About
My name is Lisa. Who the hell is Elle? Well it started as L. But you know all those initials people use are just about as useless as tits on a boar. Let’s face it. I have no clue who your sister’s cousin’s dog G is. Tell me the fricken dog is named Gertrude. What is this? The blogger witness protection program.
Sorry, where was I?
In my former life I was a horticulturalist. I managed a tropical plant nursery in Washington. The rainy one. Not the on the other side of the country. I worked for a lady who hated women. I was supposed to replace the guy that she thought of as her son when his partner inherited $46 million dollars. But the guy I was supposed to replace never left. So the old lady was bitter because I was taking up space and breathing and stuff. She was a bitch so I quit. I haven’t worked a real job since.
In the mean time my husband and I decided to start a family. That worked well. I had parts that were all blocked up and wouldn’t produce children. So we decided to adopt.
Now I am a stay-at-home mom to my two year old Oleg* (heretofore refered to as “the boy” or “McScreamy”) who is just about the cutest stinking thing in the world. Even when he is screaming. Oh yeah, he’s from Russia.
I was born and raised in the Pacific Northwest. One would think being from the “Greener” state I would be pretty liberal. Well, I tend to be a bit on the conservative side, although you wouldn’t know it from my language choices. I’ve lived in the Northwest most of my life with the exception of a brief stint in Las Vegas (woohoo) and Kansas (not so woo hoo). I like the Northwest the best. I try to be funny, but mostly it is just me talking out of my ass.

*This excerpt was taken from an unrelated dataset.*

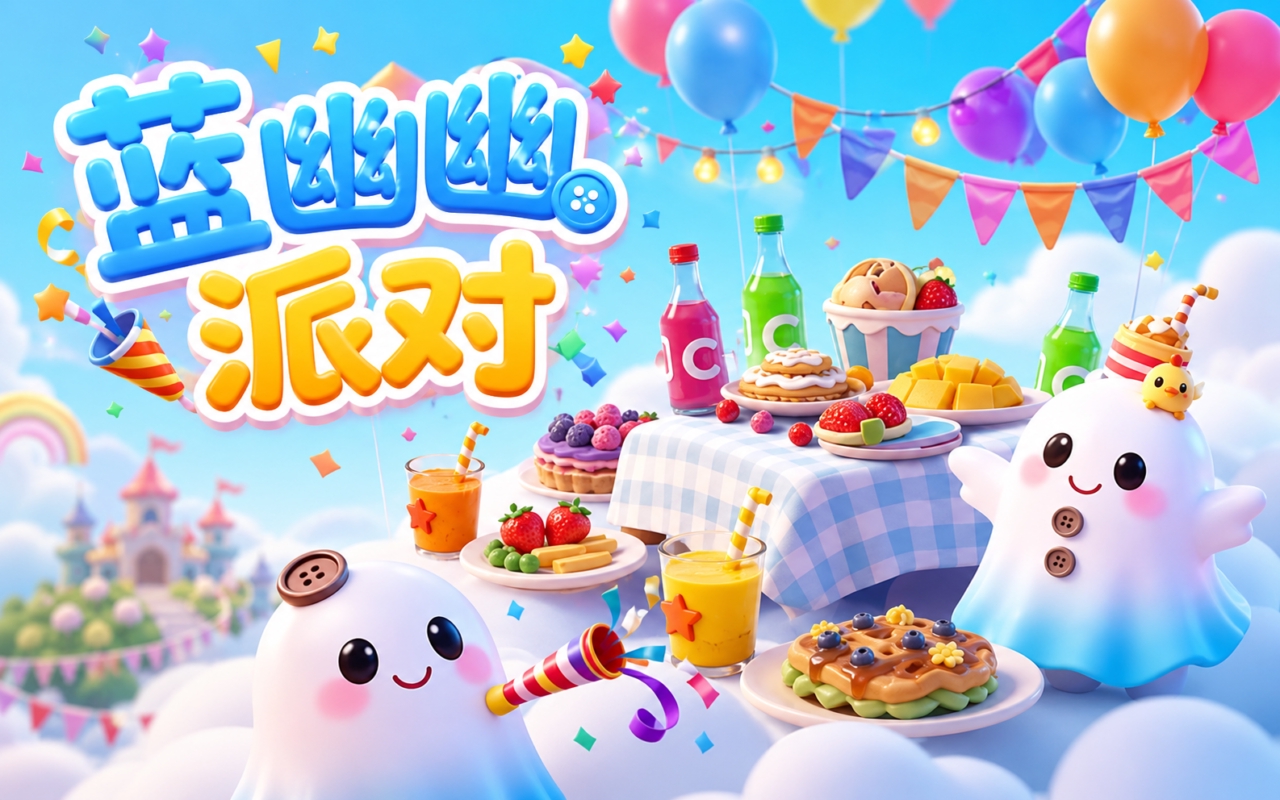 蓝幽幽派对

I do that a lot.
I’ve been married for 10 years to Derek (heretofore known as “the trusty husband” or “Captain Smartypants”). He’s pretty darn good looking too, if you ask me. He does something that involves money and numbers. I mostly nod and smile when he talks about work.
I started blogging in 2005 here. Then we had a tragic mishap in our adoption process so we moved here. Life of Elle started as my own personal journey to and through motherhood. It’s also further affirmation to my family that I am, in fact, nuts.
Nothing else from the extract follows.